(DATA EXTRACTS begins)

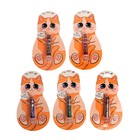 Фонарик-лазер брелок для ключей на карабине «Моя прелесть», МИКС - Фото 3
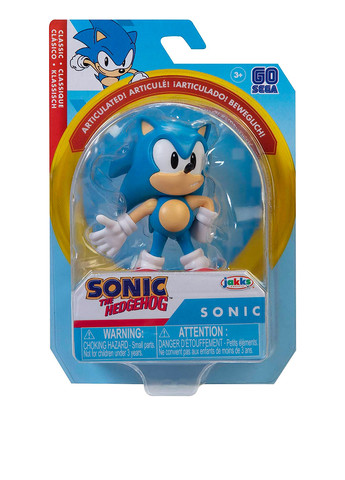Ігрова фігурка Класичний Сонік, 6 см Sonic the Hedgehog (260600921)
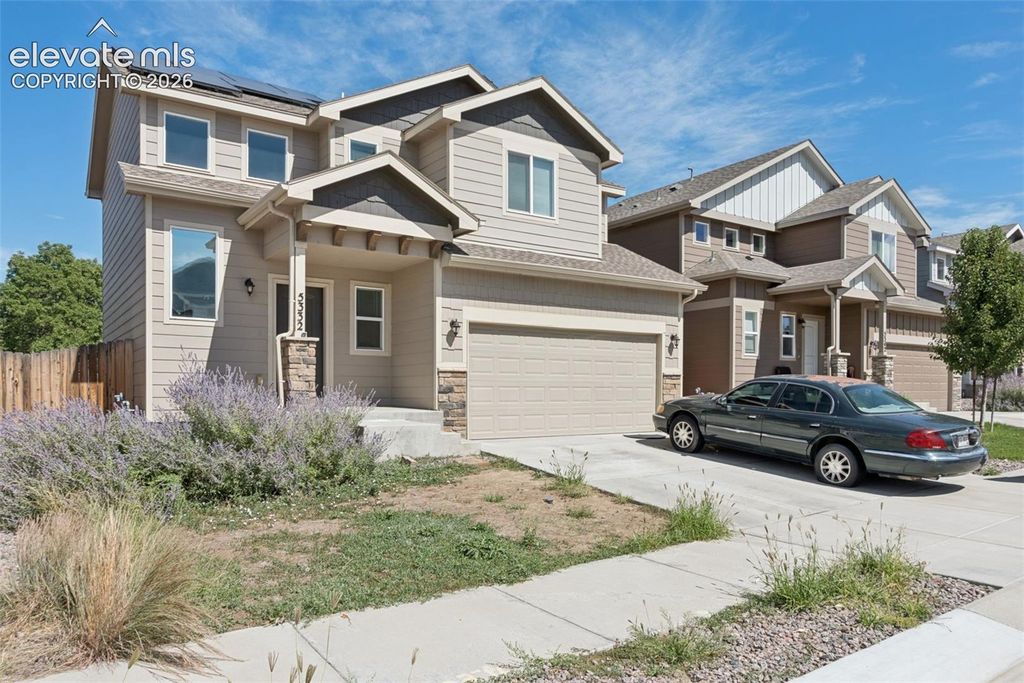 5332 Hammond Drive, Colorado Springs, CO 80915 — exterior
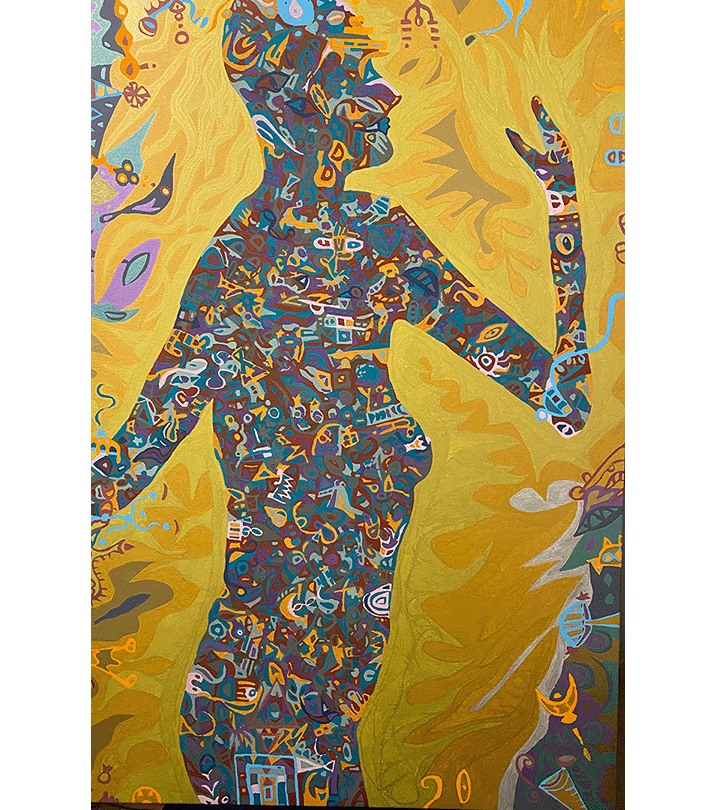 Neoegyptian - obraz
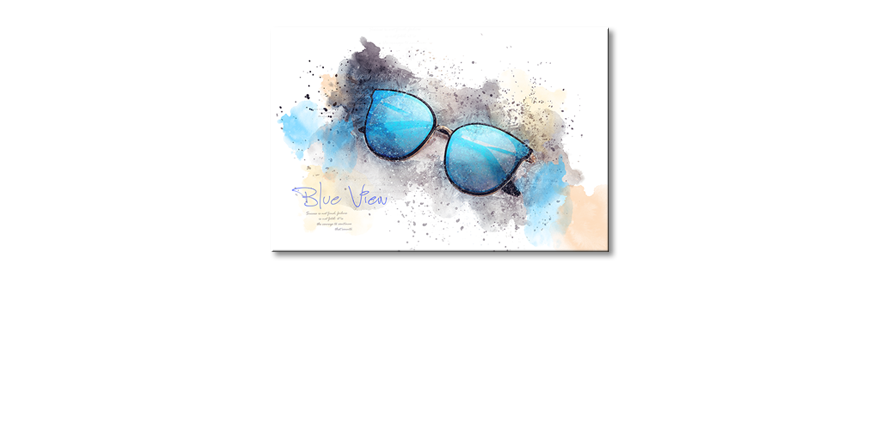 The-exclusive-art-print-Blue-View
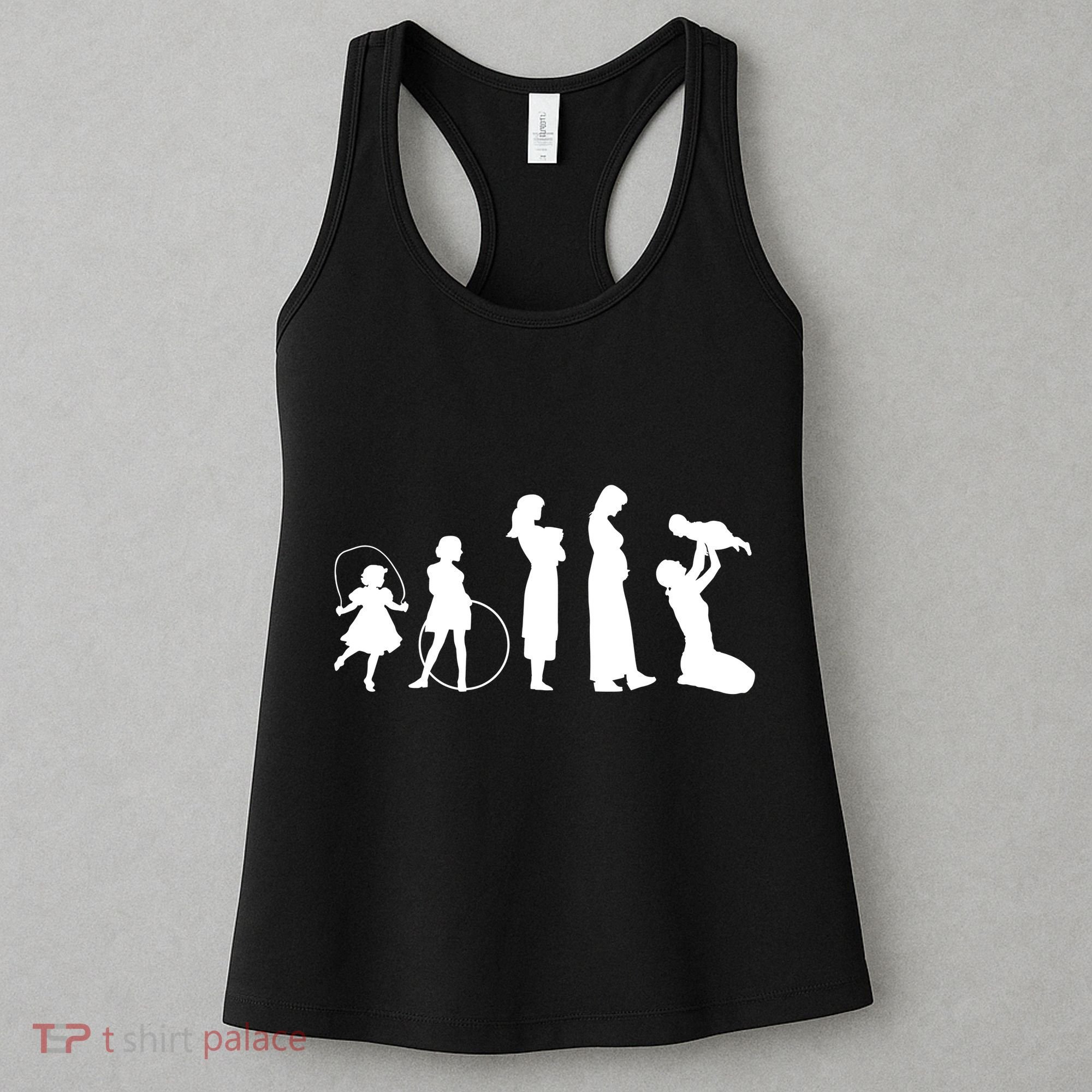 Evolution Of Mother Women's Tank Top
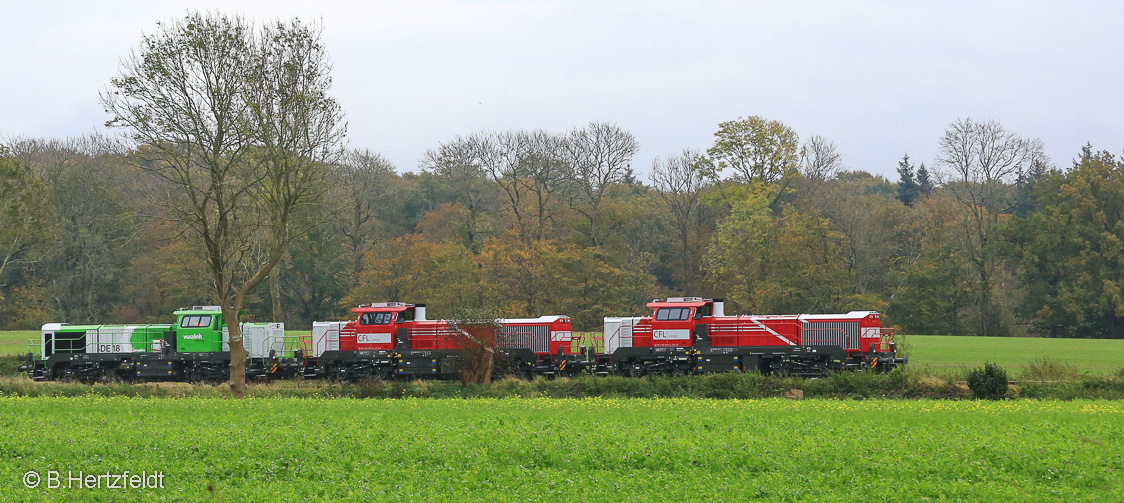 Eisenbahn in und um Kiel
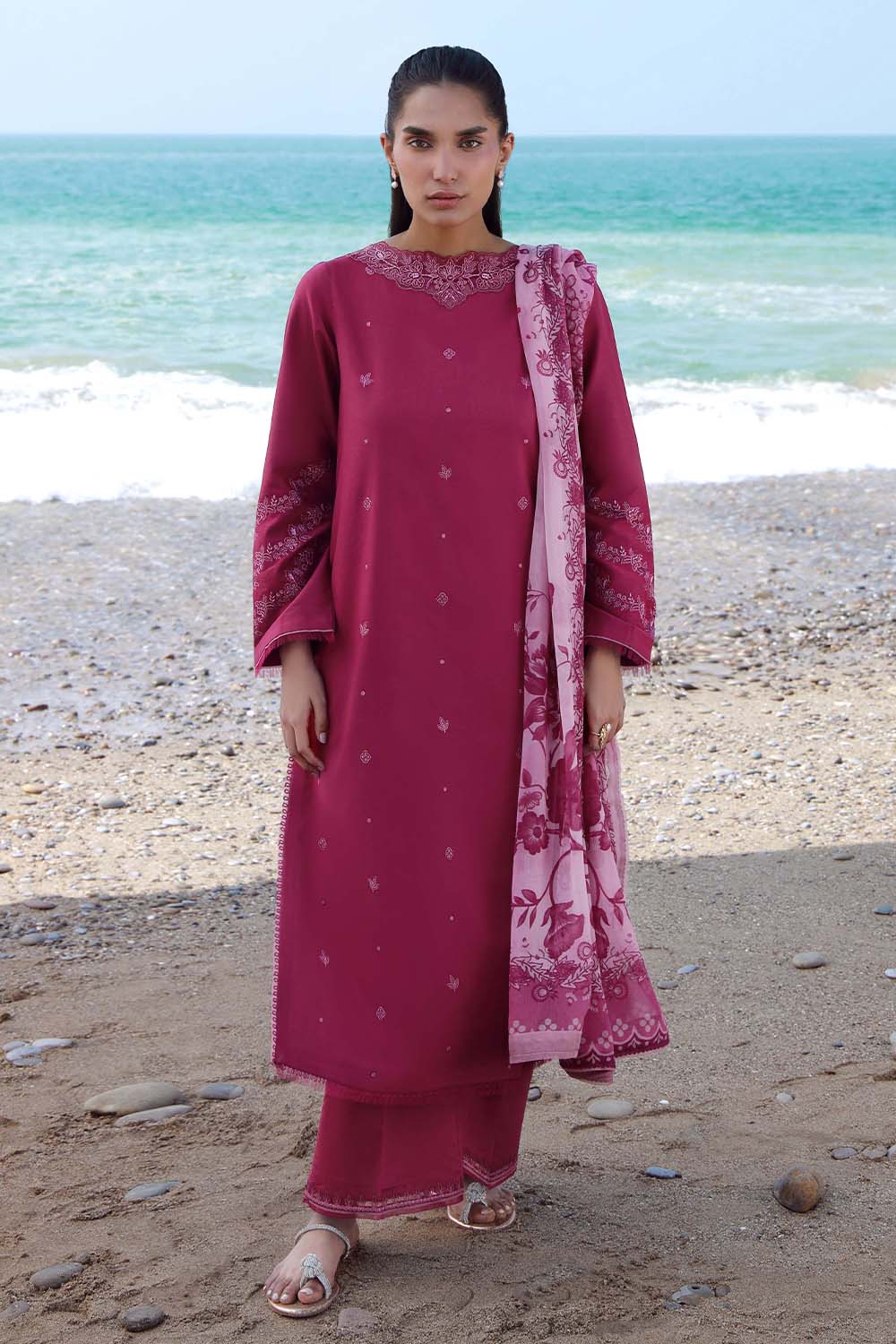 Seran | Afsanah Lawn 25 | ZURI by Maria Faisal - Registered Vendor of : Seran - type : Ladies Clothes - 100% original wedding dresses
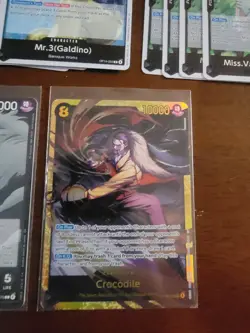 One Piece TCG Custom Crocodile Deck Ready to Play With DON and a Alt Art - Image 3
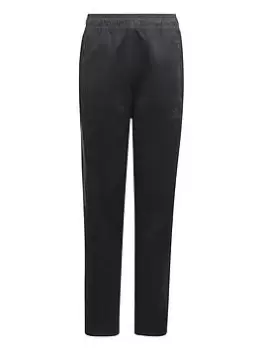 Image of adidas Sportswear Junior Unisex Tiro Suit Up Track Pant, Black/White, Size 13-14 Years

(DATA EXTRACTS ends)

| GOAL OF THE EXERCISE |
From the first line to the last, copy the records above exactly and leave out the pictures.

| RESULT BELOW |
 Фонарик-лазер брелок для ключей на карабине «Моя прелесть», МИКС - Фото 3
Ігрова фігурка Класичний Сонік, 6 см Sonic the Hedgehog (260600921)
 5332 Hammond Drive, Colorado Springs, CO 80915 — exterior
 Neoegyptian - obraz
 The-exclusive-art-print-Blue-View
 Evolution Of Mother Women's Tank Top
 Eisenbahn in und um Kiel
 Seran | Afsanah Lawn 25 | ZURI by Maria Faisal - Registered Vendor of : Seran - type : Ladies Clothes - 100% original wedding dresses
 One Piece TCG Custom Crocodile Deck Ready to Play With DON and a Alt Art - Image 3
 Image of adidas Sportswear Junior Unisex Tiro Suit Up Track Pant, Black/White, Size 13-14 Years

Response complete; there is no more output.